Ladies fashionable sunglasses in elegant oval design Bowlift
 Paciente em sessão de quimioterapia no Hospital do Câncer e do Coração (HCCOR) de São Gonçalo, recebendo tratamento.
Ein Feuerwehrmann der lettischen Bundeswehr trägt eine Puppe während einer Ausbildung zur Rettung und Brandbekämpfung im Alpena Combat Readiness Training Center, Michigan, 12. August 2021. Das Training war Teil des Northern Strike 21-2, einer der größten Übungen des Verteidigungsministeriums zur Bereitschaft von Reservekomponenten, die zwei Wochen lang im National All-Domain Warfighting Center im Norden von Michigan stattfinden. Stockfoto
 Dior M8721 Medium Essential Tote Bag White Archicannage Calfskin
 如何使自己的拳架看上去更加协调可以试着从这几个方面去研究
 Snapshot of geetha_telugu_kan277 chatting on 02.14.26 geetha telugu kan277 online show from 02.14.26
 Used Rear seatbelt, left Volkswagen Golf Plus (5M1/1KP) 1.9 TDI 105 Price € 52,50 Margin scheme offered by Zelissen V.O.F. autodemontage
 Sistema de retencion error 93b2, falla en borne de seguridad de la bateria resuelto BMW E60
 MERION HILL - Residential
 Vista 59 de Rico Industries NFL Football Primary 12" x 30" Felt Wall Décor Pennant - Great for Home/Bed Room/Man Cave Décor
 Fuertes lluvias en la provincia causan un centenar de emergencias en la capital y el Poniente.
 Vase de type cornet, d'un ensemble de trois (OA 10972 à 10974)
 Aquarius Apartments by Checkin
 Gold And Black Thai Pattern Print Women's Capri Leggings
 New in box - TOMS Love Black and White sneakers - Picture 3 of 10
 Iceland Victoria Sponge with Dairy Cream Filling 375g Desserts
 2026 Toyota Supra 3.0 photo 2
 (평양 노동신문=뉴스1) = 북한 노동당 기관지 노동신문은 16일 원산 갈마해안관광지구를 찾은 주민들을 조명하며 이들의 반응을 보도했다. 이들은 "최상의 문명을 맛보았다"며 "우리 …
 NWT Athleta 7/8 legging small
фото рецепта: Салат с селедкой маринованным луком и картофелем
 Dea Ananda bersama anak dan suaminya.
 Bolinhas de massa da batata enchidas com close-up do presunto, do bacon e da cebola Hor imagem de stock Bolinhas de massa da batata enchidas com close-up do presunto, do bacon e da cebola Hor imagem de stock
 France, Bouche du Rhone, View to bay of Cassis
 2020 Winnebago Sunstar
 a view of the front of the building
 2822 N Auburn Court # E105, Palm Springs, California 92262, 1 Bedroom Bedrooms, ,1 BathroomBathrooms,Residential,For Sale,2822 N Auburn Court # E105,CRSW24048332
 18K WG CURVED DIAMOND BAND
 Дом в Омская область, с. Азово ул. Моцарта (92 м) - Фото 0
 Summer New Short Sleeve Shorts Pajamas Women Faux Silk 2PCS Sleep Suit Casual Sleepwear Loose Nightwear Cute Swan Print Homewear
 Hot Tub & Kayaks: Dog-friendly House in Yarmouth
######
> TASK DESCRIPTION
Write out, exactly and with nothing else, the lines of the listing above from its first line through the line with "如何使自己的拳架看上去更加协调可以试着从这几个方面去研究".

> RESPONSE BOX
Ladies fashionable sunglasses in elegant oval design Bowlift
 Paciente em sessão de quimioterapia no Hospital do Câncer e do Coração (HCCOR) de São Gonçalo, recebendo tratamento.
Ein Feuerwehrmann der lettischen Bundeswehr trägt eine Puppe während einer Ausbildung zur Rettung und Brandbekämpfung im Alpena Combat Readiness Training Center, Michigan, 12. August 2021. Das Training war Teil des Northern Strike 21-2, einer der größten Übungen des Verteidigungsministeriums zur Bereitschaft von Reservekomponenten, die zwei Wochen lang im National All-Domain Warfighting Center im Norden von Michigan stattfinden. Stockfoto
 Dior M8721 Medium Essential Tote Bag White Archicannage Calfskin
 如何使自己的拳架看上去更加协调可以试着从这几个方面去研究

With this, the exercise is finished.